§ **Supplied data**
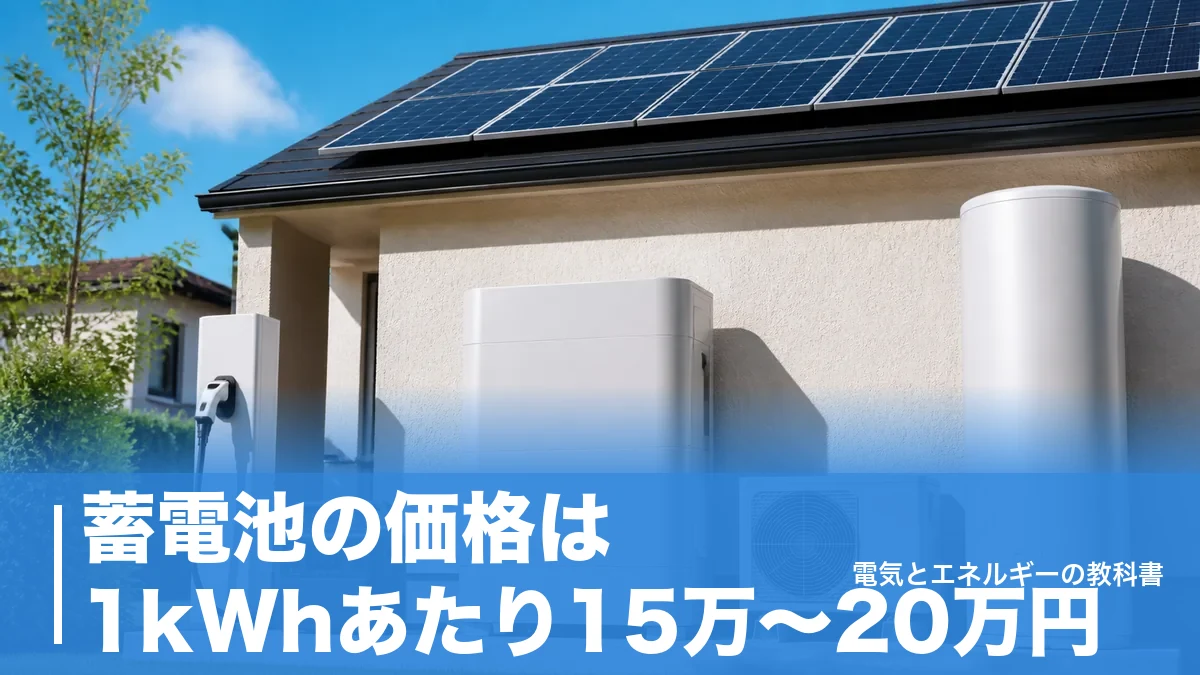 蓄電池の価格は1kWhあたり15万〜20万円｜容量別の総額と工事費・補助金の全体像のアイキャッチ画像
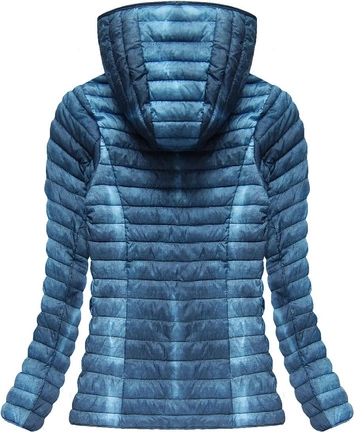 KURTKA IMITUJĄCA JEANS NIEBIESKA (7147BIG)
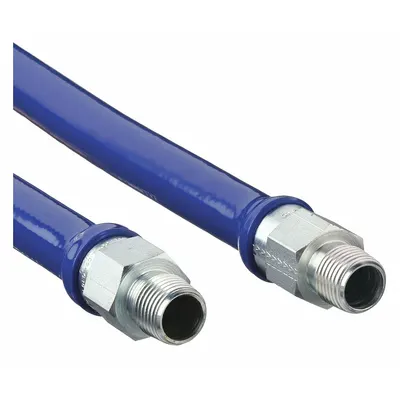 DORMONT Gas Connector: 3/4 in Hose Inside Dia., 4 ft Hose Lg, 225,000 BTU Capacity - Moveable Foodservice Connectors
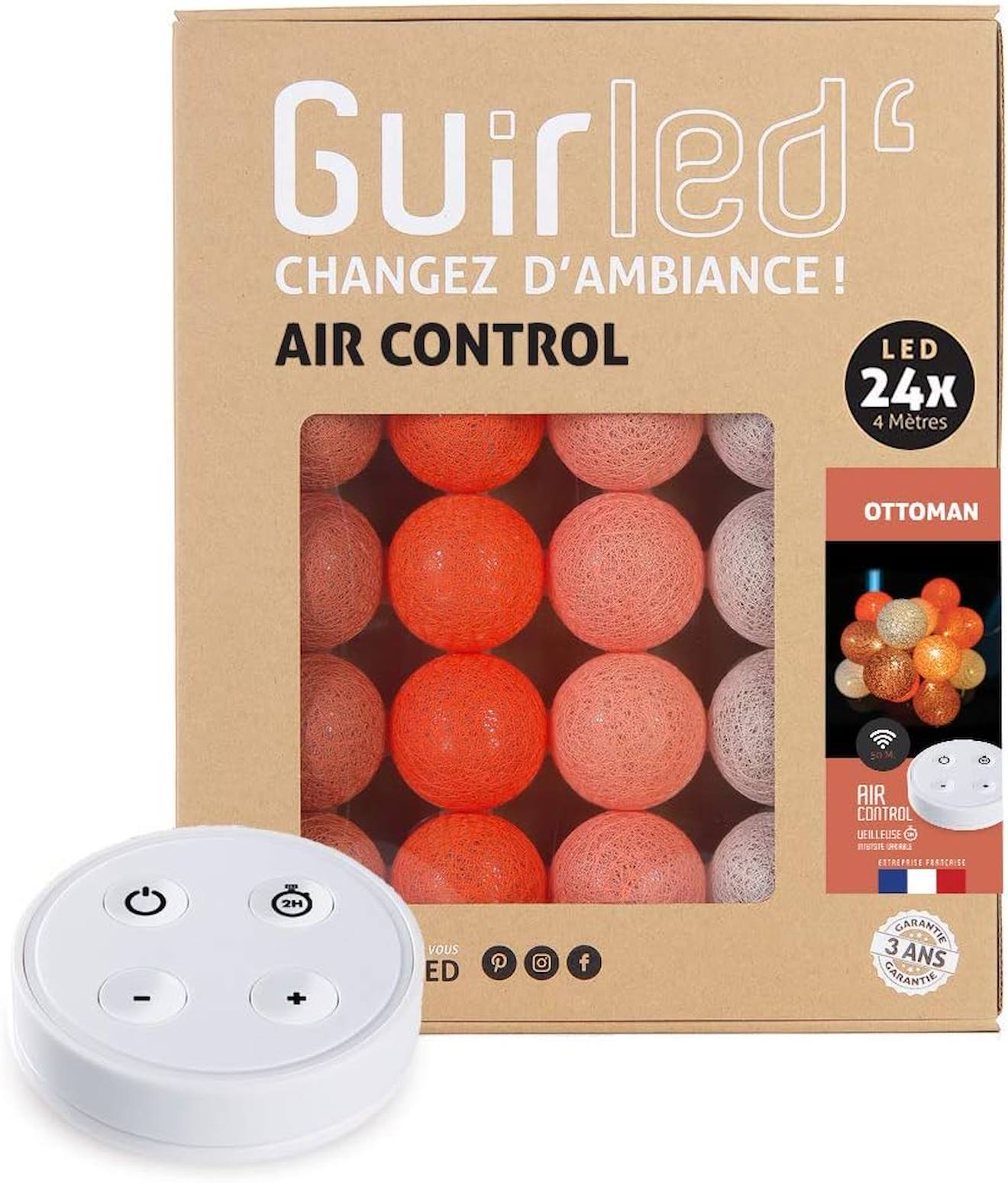 Guirlande Boule Lumineuse Led Usb Télécommandée Ottoman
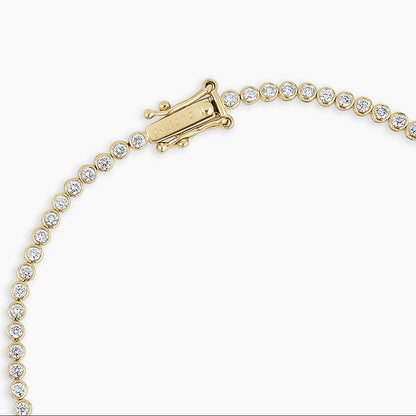 0.85 TCW Round Lab Grown Diamond Tennis Bracelet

§ **The problem**
Only the records are wanted, copied exactly, with the pictures dropped.

§ **Result of this task**
 蓄電池の価格は1kWhあたり15万〜20万円｜容量別の総額と工事費・補助金の全体像のアイキャッチ画像
 KURTKA IMITUJĄCA JEANS NIEBIESKA (7147BIG)
 DORMONT Gas Connector: 3/4 in Hose Inside Dia., 4 ft Hose Lg, 225,000 BTU Capacity - Moveable Foodservice Connectors
 Guirlande Boule Lumineuse Led Usb Télécommandée Ottoman
 0.85 TCW Round Lab Grown Diamond Tennis Bracelet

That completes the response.